South Bend area commuters now have a new transportation option. Drive share company Uber has entered the market just in time for the start of Notre Dame’s football season. The service connects smartphone users with local private drivers for a fee. Essentially, Uber is an unlicensed taxi service.
The service works like this: a user logs in to the app on their iOS or Android device. You enter your pickup location. Once an Uber driver accepts your request, they will pick you up and the driver will be given the destination just like a taxi, except Uber drivers are private vehicle owners in the local area contracted through the company.
Uber’s Lauren Altman spoke to South Bend Voice about the new service.
“We couldn’t be more excited to be providing access to alternative transportation options in South Bend,” Altman said.
The same enthusiasm cannot be said for city government, which offered a rather cold reception to the company.
“The City promotes innovation, but we also do not want inequalities in our transportation industry,” says Kara Kelly, a city spokesperson. “As it stands, this alternative is not considered the same as public vehicles for hire. We’re looking into if we need to classify, and potentially regulate, ridesharing.”
Regulatory authorities have targeted Uber throughout the US and in other countries where it operates. Several cities have filed cease-and-desist orders against the company, citing ordinances against operating an unlicensed taxi cab. Washington DC went so far as impounding the cars of Uber drivers. Taxi companies have filed suit against the company in Chicago, alleging deceptive and unfair business practices. New York City temporarily shut the company’s operations down after allegations of price gouging during Hurricane Sandy. According to the Huffington Post, rates more than doubled.
Altman defended the company’s pricing structure, saying that:
“Uber was founded with the goal of ensuring a reliable ride, wherever and whenever – and during times of peak demand, when there are not enough drivers on the system, fares increase so as to incentivize more drivers to come onto the platform. Surge pricing helps bring demand and supply into line, when necessary, by incentivizing more drivers to come onto the platform.
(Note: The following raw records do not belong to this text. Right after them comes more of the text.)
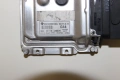 Моторен компютър Kia Venga (2010-2014г.) 39118-2B070 / 391182B070 / ME17.9.11 / ME17911, снимка 2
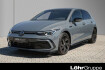 Volkswagen Golf 8 Style Golf 1.5 tsi r line black style *iq light*ahk*harman?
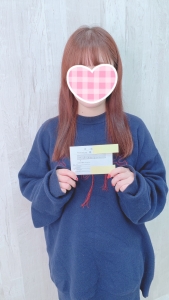 君とふわふわプリンセスin川越の給与画像1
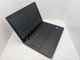 Ноутбук Lenovo IdeaPad 110-15IBR/ intel Celeron/8GB-DDR3/250GB-HDD/Intel HD Graphics/15.6" HD LED - Б/В - изображение 5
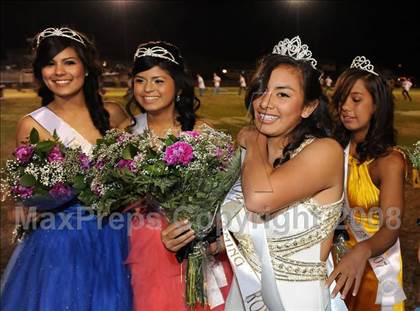 Thumbnail 2 in Wilson @ Charter Oak photogallery.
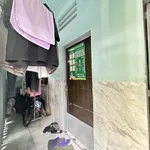 Bán nhà Quận 10 50m2 gần chợ Nguyễn Trí Phương 8 tỷ - Ảnh thu nhỏ 3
Once demand falls or supply increases sufficiently, prices quickly go back to normal. The fact that surge pricing is in place is communicated repeatedly to a user – and requires confirmation – before the user can request the trip.”
Another concern is one of safety. Complaints about harassment and rape have surfaced in reputable sources. While some Uber drivers have been cleared of any wrongdoing, others have been fired for their actions. However, as ride share companies would point out, that is not to say that taxi drivers are incapable of doing the same things.
“Safety is our number one priority at Uber,” Altman says. “Each driver requesting access to the Uber platform must undergo a rigorous background check and Uber has put industry-leading insurance policies in place to cover every ridesharing trip on the Uber platform throughout the U.S.”
The Uber users that we spoke with are pleased with the service compared to taxi companies.
“The prices were much better. And the service much better,” Emmanuel Olivier of Chicago told us. “Uber drivers have more of an incentive to do a high quality job. From what I’m told, they get a bonus for getting a certain amount of stars.”
Just like with many services these days, Uber has its users rate their driver’s performance. Users can leave both a text review and a star rating, similar to what you would see on auction site eBay.
Another Uber user told us: “It’s my go-to in Chicago. Excited to see it in South Bend.”
It’s too early to say whether Uber will be successful in this smaller market where taxis are not heavily used. Likewise, we still do not know if it will face obstacles, such as lawsuits from taxi companies or government restrictions.
One thing that is definitely clear: the company chose a good time of the year to launch in South Bend. College football season routinely brings tens of thousands to the city as over 80,000 fans pack Notre Dame Stadium. The service will be popular for those that trek to South Bend via plane and train. The next game is Saturday, September 6 against Michigan.